WASHINGTON — Vice President Mike Pence on Monday accused the 2020 Democratic presidential field of being "afraid" to stand with Israel.
"Anyone who aspires to the highest office in the land should not be afraid to stand with the strongest supporters of Israel in the land," Pence said to raucous applause from the crowd at the American Israel Public Affairs Committee's annual policy conference here. "It is wrong to boycott Israel and it is wrong to boycott AIPAC."
Liberal groups asked 2020 Democratic hopefuls to avoid the event, and most have stayed away from the conference. It's not clear which, if any, of the Democratic contenders were invited to speak; emails seeking comment on that question from multiple campaigns and spokespeople for the AIPAC conference went unreturned.

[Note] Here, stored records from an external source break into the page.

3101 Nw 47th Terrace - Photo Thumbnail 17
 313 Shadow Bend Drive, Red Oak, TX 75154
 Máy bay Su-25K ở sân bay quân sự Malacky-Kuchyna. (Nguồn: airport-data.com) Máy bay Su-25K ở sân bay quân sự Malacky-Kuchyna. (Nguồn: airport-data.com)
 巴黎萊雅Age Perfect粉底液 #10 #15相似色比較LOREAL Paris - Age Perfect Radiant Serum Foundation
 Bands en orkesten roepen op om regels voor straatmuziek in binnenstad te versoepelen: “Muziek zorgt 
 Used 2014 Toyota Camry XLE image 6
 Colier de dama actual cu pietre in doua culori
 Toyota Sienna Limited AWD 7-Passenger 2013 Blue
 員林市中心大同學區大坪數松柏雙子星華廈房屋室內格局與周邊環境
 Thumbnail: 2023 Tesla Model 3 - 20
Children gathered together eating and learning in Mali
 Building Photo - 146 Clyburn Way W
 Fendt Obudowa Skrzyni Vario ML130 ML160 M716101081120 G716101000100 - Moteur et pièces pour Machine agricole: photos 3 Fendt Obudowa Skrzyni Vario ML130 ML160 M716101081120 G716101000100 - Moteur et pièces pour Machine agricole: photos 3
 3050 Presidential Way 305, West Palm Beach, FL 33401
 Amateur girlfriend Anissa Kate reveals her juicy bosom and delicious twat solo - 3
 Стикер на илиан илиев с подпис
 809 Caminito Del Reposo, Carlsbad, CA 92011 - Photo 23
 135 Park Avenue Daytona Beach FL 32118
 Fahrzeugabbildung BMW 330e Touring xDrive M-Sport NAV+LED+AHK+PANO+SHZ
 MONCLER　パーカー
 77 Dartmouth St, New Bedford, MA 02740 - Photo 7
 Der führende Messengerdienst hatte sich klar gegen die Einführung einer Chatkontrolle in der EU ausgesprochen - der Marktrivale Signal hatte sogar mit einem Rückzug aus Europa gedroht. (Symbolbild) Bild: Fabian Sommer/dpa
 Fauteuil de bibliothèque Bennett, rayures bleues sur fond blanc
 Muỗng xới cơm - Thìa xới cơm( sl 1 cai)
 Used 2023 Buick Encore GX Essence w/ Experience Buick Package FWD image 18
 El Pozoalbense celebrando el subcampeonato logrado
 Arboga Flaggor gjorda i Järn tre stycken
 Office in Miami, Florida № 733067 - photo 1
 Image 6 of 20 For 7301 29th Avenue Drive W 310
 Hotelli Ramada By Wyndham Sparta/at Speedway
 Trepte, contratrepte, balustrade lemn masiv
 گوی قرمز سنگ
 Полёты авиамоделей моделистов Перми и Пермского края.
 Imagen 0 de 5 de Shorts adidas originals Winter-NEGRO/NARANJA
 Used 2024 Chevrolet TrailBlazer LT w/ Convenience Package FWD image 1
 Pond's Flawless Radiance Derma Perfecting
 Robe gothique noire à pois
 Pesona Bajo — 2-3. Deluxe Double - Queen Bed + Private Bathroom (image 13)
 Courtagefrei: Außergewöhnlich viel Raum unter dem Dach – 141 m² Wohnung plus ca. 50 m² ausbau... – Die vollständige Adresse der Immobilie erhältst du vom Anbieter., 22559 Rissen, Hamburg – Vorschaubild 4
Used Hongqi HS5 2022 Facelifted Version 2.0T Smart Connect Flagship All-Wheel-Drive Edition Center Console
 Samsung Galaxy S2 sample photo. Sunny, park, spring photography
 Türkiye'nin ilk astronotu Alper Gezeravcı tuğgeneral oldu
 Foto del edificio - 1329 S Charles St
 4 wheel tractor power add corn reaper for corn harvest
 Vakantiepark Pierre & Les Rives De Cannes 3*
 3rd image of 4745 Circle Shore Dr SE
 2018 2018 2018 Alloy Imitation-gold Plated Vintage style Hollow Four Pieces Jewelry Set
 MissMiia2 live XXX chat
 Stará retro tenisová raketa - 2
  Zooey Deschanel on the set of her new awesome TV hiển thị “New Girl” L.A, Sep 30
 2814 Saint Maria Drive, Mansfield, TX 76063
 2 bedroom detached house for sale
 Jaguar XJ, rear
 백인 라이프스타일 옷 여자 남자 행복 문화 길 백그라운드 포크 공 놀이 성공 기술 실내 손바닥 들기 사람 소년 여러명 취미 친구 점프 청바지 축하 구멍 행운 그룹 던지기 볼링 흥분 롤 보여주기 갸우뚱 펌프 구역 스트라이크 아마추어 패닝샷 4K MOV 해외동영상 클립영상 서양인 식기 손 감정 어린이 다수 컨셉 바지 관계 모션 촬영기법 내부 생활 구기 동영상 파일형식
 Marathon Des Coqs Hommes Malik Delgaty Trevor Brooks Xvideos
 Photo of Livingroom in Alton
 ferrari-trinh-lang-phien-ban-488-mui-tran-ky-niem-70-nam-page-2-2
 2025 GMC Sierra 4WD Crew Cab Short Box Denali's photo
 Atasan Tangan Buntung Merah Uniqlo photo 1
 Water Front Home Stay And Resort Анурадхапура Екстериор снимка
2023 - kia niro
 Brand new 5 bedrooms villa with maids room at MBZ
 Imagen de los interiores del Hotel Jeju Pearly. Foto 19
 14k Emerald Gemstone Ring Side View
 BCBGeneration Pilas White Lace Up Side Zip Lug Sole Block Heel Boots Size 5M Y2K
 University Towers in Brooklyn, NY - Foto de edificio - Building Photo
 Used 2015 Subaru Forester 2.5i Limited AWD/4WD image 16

New Jersey Sen. Cory Booker, who is seeking the Democratic nomination, was expected to attend the conference to speak to his state's delegation.
But at a conference where bipartisanship is typically emphasized as a strength in promoting ties between Israel and the United States, Pence tried to persuade the audience that Democrats are abandoning their commitment to defending the relationship.
"It's astonishing to think that the party of Harry Truman ... has been co-opted by people who promote rank anti-Semitic rhetoric," Pence said. Without mentioning her by name, he pointed to the controversy surrounding Rep. Ilhan Omar, D-Minn., who has been rebuked by Republicans and Democrats for a series of remarks offensive to Jewish people.
"Anti-Semitism has no place in the Congress of the United States of America," he said. "Any member who slanders those who support the historic alliance between the United States and Israel... should not have a seat on the House Foreign Affairs Committee."
Pence's remarks follow weeks of Trump trying to persuade Americans that Jewish voters are leaving the Democratic Party in droves — a claim for which he has provided no evidence and which is odds with larger trends away from Republicans and toward Democrats in Jewish voting patterns in recent elections.
Earlier this month, Trump said Democrats have become "anti-Israel" and "anti-Jewish."
While the Democratic Party has struggled with opposition to Israel on its left flank, Trump has been accused of insensitivity to anti-Semitism in the past. Critics have pointed, in particular, to his conclusion that there were "very fine people on both sides" when white nationalists chanting "Jews will not replace us" clashed with protesters in Charlottesville, Va., in 2017 and the closing ad of his 2016 campaign, which featured the images of several prominent American Jews and anti-"globalist" rhetoric.
The audience at AIPAC, however, has been very pleased with his policy toward Israel, which has mirrored the desires of hard-liners. Trump officially moved the U.S. embassy in Israel to Jerusalem, pulled out of the Iran nuclear deal and recently announced that he would recognize Israel's claim on the contested Golan Heights region.